● WORK ORDER:
Once you find the line with "Nintendo Switch hry TOP STAV" in the listing below, set down exactly every line from it through the line with "72 yard roll", but no pictures.

● THE DATA:
§

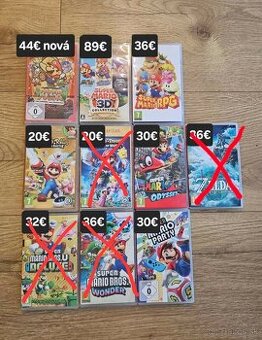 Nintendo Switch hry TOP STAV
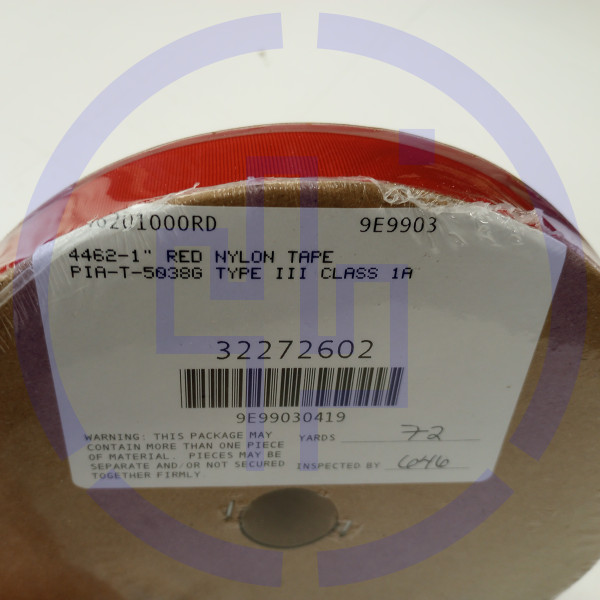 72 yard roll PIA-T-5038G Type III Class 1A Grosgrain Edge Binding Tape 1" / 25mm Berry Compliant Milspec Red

§

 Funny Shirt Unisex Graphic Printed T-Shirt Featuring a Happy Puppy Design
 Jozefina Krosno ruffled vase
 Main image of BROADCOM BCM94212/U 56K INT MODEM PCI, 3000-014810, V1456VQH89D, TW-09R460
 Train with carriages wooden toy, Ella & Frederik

§

● SOLUTION TO THE EXERCISE:
 Nintendo Switch hry TOP STAV
 72 yard roll PIA-T-5038G Type III Class 1A Grosgrain Edge Binding Tape 1" / 25mm Berry Compliant Milspec Red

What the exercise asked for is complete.